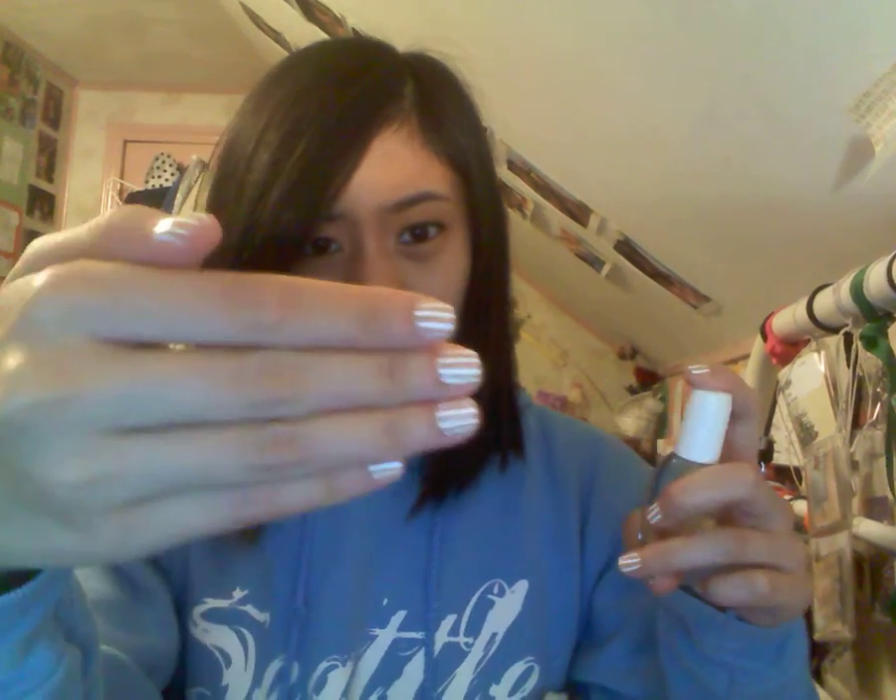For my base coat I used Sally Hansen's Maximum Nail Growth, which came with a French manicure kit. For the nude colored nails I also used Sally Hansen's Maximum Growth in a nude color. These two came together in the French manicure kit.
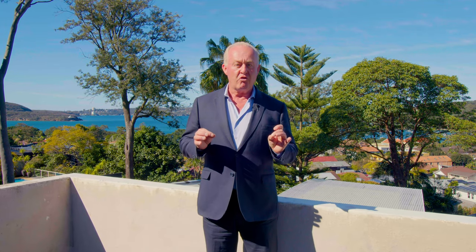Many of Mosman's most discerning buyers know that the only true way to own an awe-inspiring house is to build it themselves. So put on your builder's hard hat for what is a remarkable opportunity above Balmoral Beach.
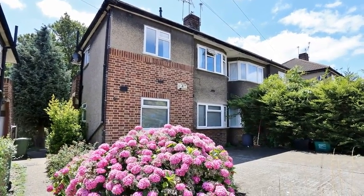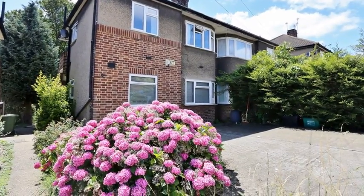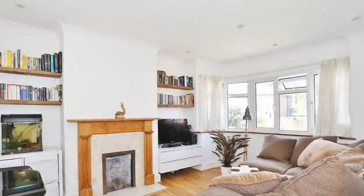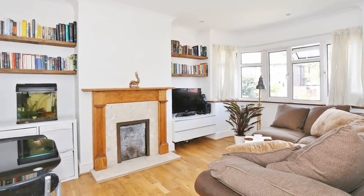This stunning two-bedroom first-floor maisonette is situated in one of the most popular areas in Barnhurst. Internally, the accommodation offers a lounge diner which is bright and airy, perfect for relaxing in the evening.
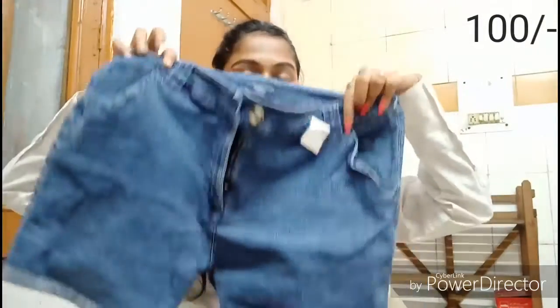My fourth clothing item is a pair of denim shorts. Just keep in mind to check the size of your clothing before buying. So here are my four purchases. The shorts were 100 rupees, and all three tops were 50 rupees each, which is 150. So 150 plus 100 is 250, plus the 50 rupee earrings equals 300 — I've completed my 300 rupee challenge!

--------------------

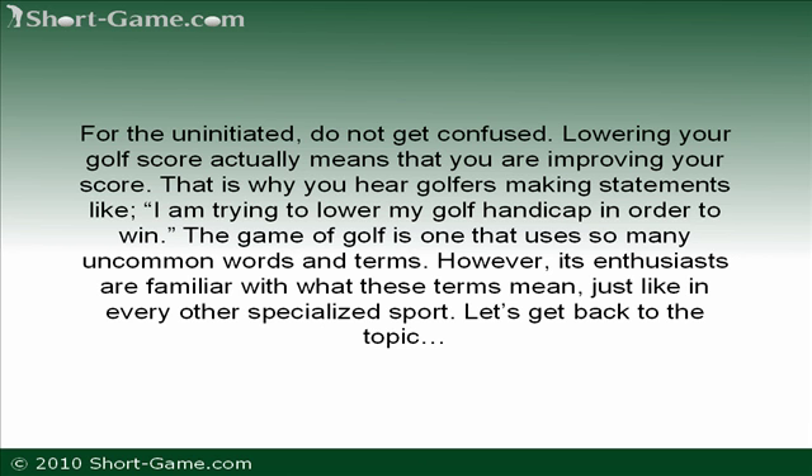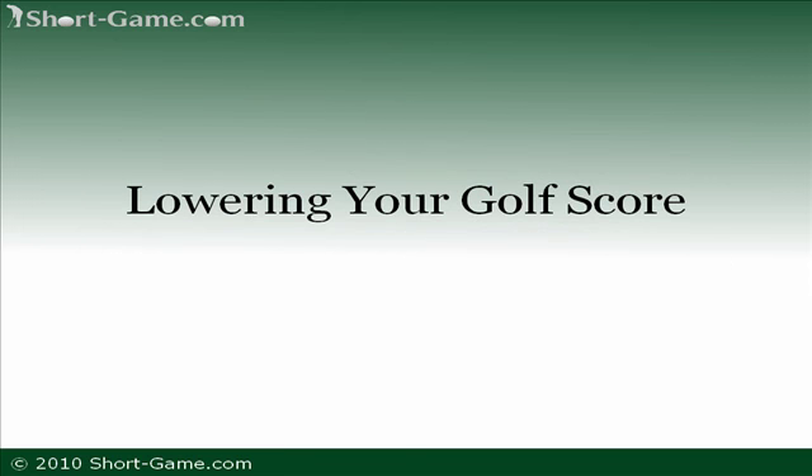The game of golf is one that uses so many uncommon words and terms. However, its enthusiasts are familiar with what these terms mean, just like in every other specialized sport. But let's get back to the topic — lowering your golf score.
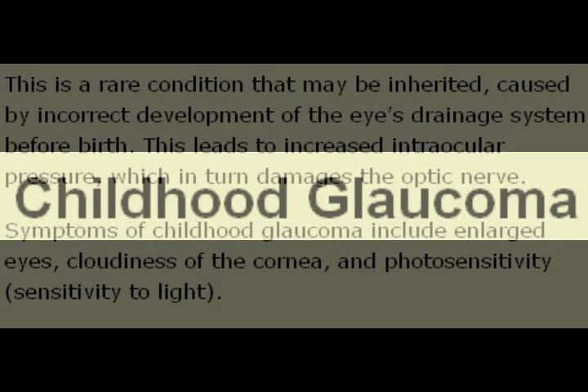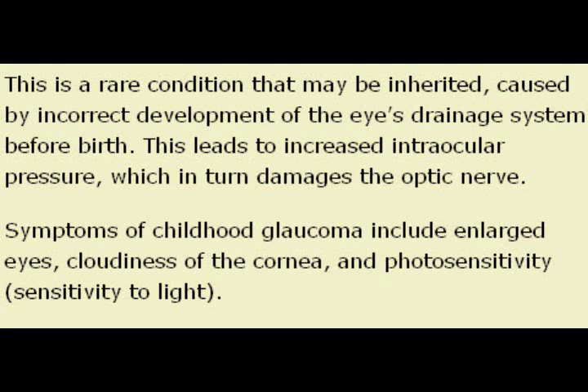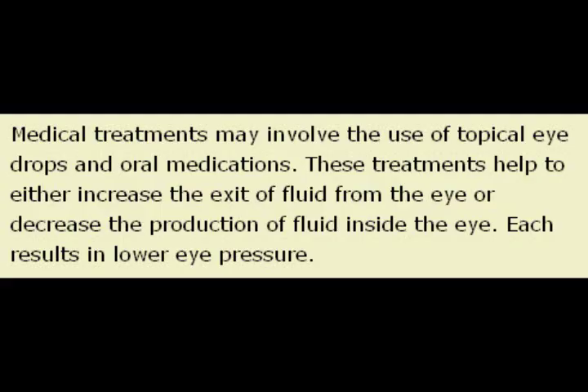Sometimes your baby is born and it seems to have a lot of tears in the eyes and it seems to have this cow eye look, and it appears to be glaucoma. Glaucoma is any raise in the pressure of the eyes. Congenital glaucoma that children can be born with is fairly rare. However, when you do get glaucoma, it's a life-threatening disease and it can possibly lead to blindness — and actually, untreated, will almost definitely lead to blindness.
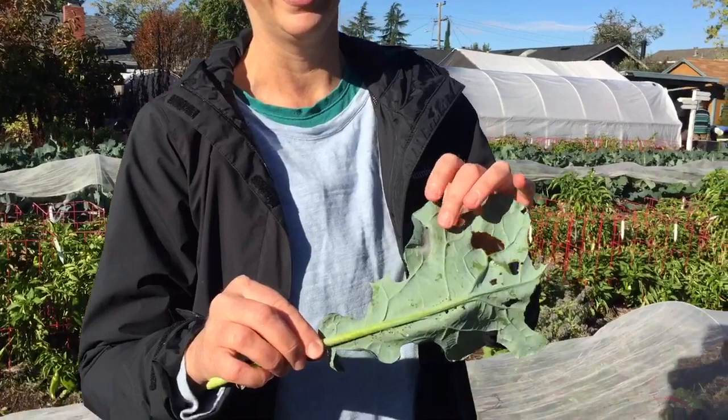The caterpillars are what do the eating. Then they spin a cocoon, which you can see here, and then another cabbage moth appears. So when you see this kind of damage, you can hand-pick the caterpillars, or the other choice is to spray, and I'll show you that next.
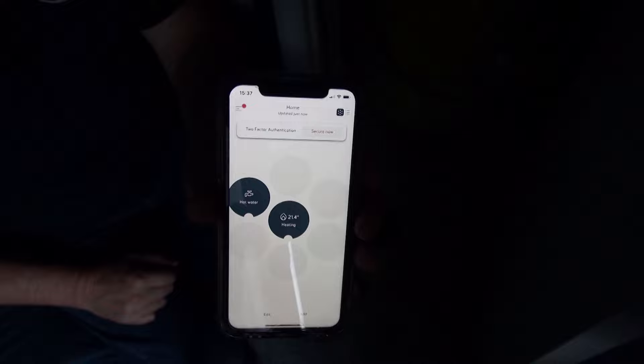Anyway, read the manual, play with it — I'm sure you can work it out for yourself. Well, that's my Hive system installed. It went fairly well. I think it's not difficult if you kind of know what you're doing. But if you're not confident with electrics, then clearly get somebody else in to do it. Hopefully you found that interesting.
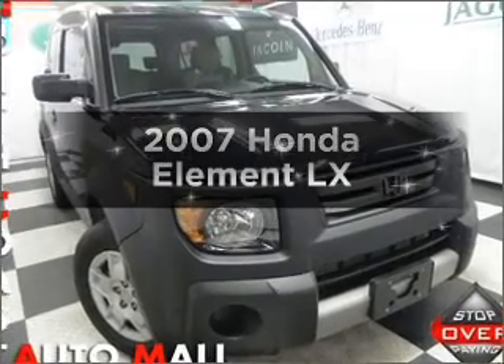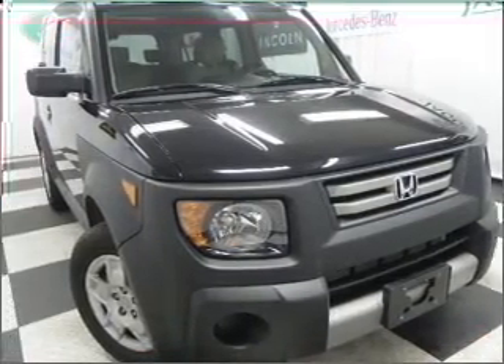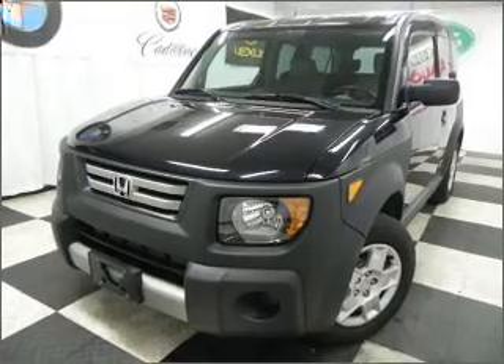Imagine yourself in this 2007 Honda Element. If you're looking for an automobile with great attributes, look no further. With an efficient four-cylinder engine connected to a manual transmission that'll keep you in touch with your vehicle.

--------------------

▶ _What you need to do_:
Beginning with the line above that contains "Sometimes your baby" and finishing with the line that contains "Imagine yourself in", print those lines exactly and only. Skip all pictures.

▶ _Solved exercise_:
Sometimes your baby is born and it seems to have a lot of tears in the eyes and it seems to have this cow eye look, and it appears to be glaucoma. Glaucoma is any raise in the pressure of the eyes. Congenital glaucoma that children can be born with is fairly rare. However, when you do get glaucoma, it's a life-threatening disease and it can possibly lead to blindness — and actually, untreated, will almost definitely lead to blindness.
The caterpillars are what do the eating. Then they spin a cocoon, which you can see here, and then another cabbage moth appears. So when you see this kind of damage, you can hand-pick the caterpillars, or the other choice is to spray, and I'll show you that next.
Anyway, read the manual, play with it — I'm sure you can work it out for yourself. Well, that's my Hive system installed. It went fairly well. I think it's not difficult if you kind of know what you're doing. But if you're not confident with electrics, then clearly get somebody else in to do it. Hopefully you found that interesting.
Imagine yourself in this 2007 Honda Element. If you're looking for an automobile with great attributes, look no further. With an efficient four-cylinder engine connected to a manual transmission that'll keep you in touch with your vehicle.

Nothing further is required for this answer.